Writing

Software, technology, sysadmin war stories, and more. Feed
Thursday, December 6, 2012

"On call" was really more like "on duty"

In my days of working as a pager monkey, it was common for teams like mine to have "on-call" rotations. We had three kinds of shifts for people on this side of the world: morning, evening, and weekend. Morning was from 9 to 6, evening was 6 to 1, and weekend shifts were 24 hours starting at 1 AM.

You might think that such a life would be relatively unburdened. After all, you can be event-driven with a pager. You can go off and do other things and as long as you are within a reasonable distance of your computer with an Internet connection, you're free, right? Maybe, maybe not. It depends on just how bad the situation is when you walk into it.

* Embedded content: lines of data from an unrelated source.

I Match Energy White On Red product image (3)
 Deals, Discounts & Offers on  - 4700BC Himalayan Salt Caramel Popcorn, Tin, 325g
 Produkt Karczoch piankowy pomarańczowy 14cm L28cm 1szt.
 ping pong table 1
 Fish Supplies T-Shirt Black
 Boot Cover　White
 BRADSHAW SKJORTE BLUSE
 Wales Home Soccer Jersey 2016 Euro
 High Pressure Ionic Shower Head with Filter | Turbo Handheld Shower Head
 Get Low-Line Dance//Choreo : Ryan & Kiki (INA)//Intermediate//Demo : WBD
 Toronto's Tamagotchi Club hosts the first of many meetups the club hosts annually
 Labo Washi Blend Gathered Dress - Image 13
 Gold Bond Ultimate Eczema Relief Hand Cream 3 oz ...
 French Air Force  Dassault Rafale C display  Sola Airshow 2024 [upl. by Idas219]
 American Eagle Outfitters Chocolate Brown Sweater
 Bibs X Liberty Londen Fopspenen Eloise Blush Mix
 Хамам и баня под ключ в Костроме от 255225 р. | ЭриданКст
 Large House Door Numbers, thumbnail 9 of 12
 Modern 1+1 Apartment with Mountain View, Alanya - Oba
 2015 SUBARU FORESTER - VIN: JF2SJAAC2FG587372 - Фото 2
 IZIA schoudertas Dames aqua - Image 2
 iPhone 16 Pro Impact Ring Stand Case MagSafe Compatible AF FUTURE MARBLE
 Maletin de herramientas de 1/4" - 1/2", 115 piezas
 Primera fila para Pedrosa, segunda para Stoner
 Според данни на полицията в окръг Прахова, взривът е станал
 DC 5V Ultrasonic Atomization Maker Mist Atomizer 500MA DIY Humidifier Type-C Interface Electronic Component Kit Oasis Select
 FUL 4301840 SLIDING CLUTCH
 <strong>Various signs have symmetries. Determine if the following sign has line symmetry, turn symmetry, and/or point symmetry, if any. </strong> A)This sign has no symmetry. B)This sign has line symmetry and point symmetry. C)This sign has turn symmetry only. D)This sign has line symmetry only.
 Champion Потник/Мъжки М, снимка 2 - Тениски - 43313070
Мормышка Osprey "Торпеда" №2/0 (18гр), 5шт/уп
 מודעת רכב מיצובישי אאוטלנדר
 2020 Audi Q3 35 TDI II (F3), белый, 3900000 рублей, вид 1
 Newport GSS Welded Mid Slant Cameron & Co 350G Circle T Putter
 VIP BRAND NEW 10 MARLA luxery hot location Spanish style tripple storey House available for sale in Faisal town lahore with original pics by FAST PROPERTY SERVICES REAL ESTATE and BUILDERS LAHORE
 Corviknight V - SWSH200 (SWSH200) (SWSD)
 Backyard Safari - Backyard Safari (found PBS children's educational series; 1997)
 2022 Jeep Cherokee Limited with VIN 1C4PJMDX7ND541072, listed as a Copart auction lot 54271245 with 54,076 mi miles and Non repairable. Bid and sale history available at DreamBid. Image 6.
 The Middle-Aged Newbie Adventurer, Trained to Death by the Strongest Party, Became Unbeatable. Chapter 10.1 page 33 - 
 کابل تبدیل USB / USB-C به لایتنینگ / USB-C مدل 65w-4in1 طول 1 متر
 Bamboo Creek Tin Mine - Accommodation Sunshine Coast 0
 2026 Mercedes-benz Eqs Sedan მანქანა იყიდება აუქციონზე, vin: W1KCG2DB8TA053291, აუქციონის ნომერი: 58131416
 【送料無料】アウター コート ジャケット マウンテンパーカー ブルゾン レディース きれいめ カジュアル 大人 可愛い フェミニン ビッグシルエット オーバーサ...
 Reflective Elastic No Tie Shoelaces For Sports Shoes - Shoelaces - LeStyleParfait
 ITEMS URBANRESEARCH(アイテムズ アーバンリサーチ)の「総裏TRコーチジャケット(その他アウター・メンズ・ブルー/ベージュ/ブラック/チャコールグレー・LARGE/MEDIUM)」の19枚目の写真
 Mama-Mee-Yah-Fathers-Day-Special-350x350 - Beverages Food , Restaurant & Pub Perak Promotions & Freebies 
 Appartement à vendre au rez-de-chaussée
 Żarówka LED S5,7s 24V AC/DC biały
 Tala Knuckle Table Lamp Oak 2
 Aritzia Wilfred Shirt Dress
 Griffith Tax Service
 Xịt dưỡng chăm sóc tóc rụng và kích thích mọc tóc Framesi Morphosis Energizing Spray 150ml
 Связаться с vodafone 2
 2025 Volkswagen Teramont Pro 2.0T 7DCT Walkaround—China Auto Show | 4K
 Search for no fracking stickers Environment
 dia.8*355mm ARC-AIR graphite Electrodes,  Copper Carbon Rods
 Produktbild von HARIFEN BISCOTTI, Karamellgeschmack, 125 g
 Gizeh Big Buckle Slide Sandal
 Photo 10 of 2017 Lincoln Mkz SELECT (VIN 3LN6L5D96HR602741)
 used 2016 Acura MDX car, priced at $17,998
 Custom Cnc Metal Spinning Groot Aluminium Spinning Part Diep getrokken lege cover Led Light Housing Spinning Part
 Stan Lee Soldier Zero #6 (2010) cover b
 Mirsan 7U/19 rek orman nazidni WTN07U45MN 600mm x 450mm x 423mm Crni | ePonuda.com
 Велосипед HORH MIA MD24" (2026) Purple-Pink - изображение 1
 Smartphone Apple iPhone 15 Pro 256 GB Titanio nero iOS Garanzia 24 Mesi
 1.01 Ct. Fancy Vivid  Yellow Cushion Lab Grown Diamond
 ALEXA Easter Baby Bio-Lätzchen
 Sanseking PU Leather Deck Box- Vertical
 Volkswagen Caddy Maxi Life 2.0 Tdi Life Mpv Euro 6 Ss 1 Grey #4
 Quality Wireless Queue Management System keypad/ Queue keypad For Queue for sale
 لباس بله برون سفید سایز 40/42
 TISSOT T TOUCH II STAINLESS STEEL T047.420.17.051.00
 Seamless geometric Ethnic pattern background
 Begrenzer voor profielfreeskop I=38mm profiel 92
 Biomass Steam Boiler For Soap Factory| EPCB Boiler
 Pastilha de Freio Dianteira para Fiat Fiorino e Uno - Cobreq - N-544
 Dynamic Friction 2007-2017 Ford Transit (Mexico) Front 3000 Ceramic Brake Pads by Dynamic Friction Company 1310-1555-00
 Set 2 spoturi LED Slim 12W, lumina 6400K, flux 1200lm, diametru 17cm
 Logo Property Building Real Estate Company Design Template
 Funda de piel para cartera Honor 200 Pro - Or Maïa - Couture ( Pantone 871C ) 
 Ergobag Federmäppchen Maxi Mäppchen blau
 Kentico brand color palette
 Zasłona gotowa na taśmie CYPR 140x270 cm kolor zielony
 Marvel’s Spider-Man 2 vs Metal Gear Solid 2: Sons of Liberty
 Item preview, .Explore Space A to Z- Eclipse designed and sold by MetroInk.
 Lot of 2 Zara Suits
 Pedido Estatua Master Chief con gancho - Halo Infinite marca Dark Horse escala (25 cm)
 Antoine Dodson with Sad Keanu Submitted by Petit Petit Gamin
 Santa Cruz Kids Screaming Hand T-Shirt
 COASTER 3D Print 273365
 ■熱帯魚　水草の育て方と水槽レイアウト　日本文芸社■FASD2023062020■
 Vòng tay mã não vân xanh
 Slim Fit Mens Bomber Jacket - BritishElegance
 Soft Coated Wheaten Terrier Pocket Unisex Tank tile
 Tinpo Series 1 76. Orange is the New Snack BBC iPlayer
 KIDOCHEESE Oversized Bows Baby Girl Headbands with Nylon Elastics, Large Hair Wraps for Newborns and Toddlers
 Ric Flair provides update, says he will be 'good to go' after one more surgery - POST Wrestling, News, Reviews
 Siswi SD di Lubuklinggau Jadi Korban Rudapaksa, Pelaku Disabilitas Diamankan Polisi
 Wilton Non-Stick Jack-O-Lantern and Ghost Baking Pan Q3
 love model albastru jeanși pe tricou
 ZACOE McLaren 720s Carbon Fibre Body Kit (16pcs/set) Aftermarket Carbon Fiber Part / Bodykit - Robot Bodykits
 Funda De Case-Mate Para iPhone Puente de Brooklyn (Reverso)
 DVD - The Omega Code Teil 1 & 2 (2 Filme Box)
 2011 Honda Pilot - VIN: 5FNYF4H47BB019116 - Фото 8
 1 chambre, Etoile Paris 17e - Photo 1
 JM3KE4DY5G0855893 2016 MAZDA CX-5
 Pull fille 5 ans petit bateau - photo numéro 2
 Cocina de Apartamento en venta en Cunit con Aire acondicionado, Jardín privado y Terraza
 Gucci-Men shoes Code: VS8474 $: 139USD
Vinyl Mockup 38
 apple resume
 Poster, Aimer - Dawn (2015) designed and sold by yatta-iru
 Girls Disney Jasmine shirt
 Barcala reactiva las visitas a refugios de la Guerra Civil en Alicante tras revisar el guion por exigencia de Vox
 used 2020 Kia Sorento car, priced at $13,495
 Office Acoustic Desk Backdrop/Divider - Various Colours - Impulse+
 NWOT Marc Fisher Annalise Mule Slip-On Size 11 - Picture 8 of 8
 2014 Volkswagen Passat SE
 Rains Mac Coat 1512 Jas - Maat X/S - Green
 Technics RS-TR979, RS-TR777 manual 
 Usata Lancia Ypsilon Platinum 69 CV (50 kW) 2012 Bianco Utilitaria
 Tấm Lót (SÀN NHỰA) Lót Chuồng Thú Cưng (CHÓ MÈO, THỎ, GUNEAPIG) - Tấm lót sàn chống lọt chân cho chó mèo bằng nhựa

If your team was like the one I joined, your pager would go off somewhere around 40 or 50 times during that morning shift. That's about one page every 11 minutes during the whole day. That means no matter what else you might have to do, you couldn't possibly get any flow going since it would pop up and interrupt you. This wasn't just a one-week anomaly, either. It went on like this for ages. You couldn't even go to lunch without bringing your laptop along since you'd normally need it.

The other pager-holding types on other teams at that company used to make fun of my team. They said we had to bring the chargers for our Skytel pagers in because they were in constant use. It sounds mean and snarky, but it was actually true. In addition to schlepping my laptop and cellular data card around, I also tended to bring my pager's charger to work with me, and then brought it home at night. It wouldn't last very long the way we kept using those things.

All of this got me thinking about terms used to describe this. What we had wasn't "on call". That implies a state where normally nothing much happens, and a page is an unusual event. Instead, we had an "on duty" rotation where it would be your turn to be whipped senseless by annoying monitoring systems for several hours during your shift.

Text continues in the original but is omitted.